Today I shall delve into the confused structure of the industrial sector. Most business establishments were either voluntarily closed or sealed, while those that are still operating are under Japanese control, because in the first place, all industries capitalized wholly or partly by enemy countries have automatically passed on to Japanese hands. Among these are the mining firms and some sugar centrals, the Meralco, and many small factories in Manila and the provinces.
Our gold mines which are the riches in the world are now inactive, with no known plans for them. As for other metals like iron, chromium and manganese, they are still waiting for experts from Japan to arrive and set up mining establishments.
Sugar centrals have started operations since the end of January, under Japanese management. Even the factories which were subsidized only partially by American capital had been confiscated by the Japanese army. The plantation and sugar central in Canlubang was a case in point. It was purchased by Madrigal from an American firm before the war of ₱5,000,000.00. The Japanese took possession of it, promising to pay him back. In this case, the Japanese showed a little respect and consideration. In others there was none.
Almost all the sugar centrals, whether owned by Filipinos or Spaniards, are operating as usual. Some were allowed to sell sugar during the disposal of their sugar, with the price fixed at ₱5.00 a picul. The price in the market was ₱20.00 or more, and it is hard to determine who has the upperhand in this transaction. Meanwhile, molasses, which used to command an excellent price, is now being commandeered by the Army for use in the manufacture of alcohol.
Meralco, and other owned companies by the Americans, British or Chinese have passed on as spoils to the victors, although most of the people working in these firms were retained.
In this connection, the following notice to the public appeared in yesterday’s papers:
The undersigned company takes the pleasure of announcing that by the expressed order of the Japanese Military Administration, the operations and management of the public electric utilities of the Philippine Islands have been assigned to it, and that operations under our administration will commence on July 1, 1942.
— The Taiwan Power Company
As the notice did not exclude electric power plants owned by Filipino establishments, the new Japanese firm has taken over all existing light factories, whether owned by enemy nationals or not.
On the other hand, Filipino, Spanish and German industries, except for isolated cases, are allowed to operate, with many reservations.
Of the four major cigar and cigarette factories in operation, three are Spanish and one is Swiss-German. They can produce all the cigars and cigarettes they want, with Philippine tobacco which is abundant. The prices, however, are prohibitive, due to the manipulations of middlemen. The military commandeers all the big warehouses of imported cigarettes. Likewise, the Army has “bought” from Virginia tobacco all the cigarettes made in Manila. In the beginning, they allowed the sale of some of these imported brands. Gradually, the Army exhausted the supply and prohibited their sales.
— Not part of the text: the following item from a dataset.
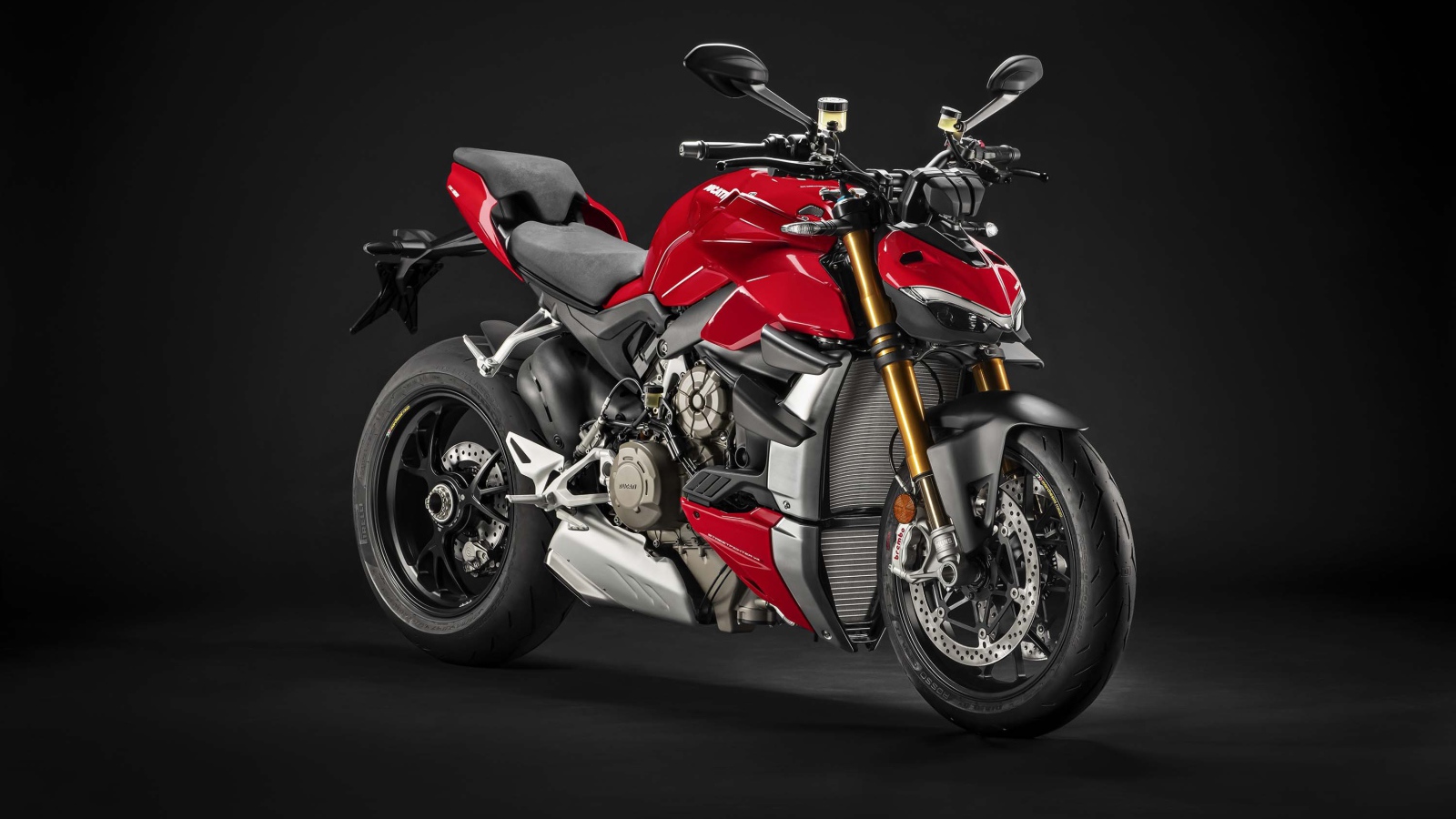 Красный мотоцикл Ducati Streetfighter V4 2020 года на черном фоне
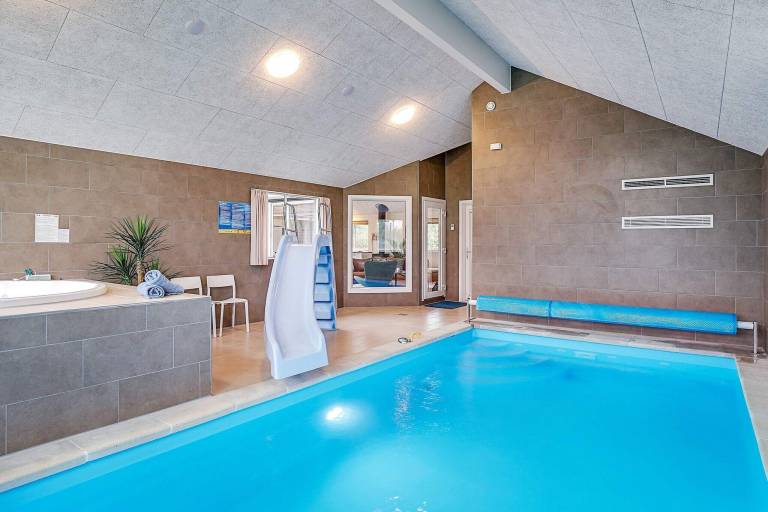 Fully equipped house with pool, sauna & patio | Dogs allowed — photo 4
Furthermore, the Army purchases all alcohol produced by the different distilleries, exporting it to Japan, or selling it on ration to those who have the permit to use motor vehicles.
The manufacturers of “Rizal” cement were ordered to produce at full capacity, and the products are being bought by the Army. As of date, they have been paid only with receipts and IOU’s.
San Miguel Brewery was one of the most flourishing economic establishments in Manila. Its products are ice, softdrinks, Magnolia milk, ice cream and beer. Before the war, San Miguel produced some one hundred thousand bottles of Coca Cola and beer daily. All of them were sold. Ninety-five per cent of the operations were under Filipinos or Spaniards. Aside from a few Spanish employees and three or four German technicians, the personnel force was composed of Filipinos. The firm has been taken over by Japan, perhaps because the local Japanese beer factory could not compete with San Miguel, or perhaps because the Japanese needed the products of San Miguel. The fact is that just at the start of the war the Japanese Army took over all the plants of San Miguel and produced just enough for the Japanese Army.
Due to the lack of raw materials, San Miguel could not manufacture bottles. The Army had to resort to all kinds of tricks to insure the supply of bottles. First, they announced that beer was going to be sold to the public but those who wanted to buy it would had to turn in seventy-two empty bottles before they could be entitled to buy a case of twenty-four bottles. The Chinese went around buying empty bottles which they sold at seven or ten centavos per bottle. Once refilled, a bottle of beer cost from fifty to sixty centavos.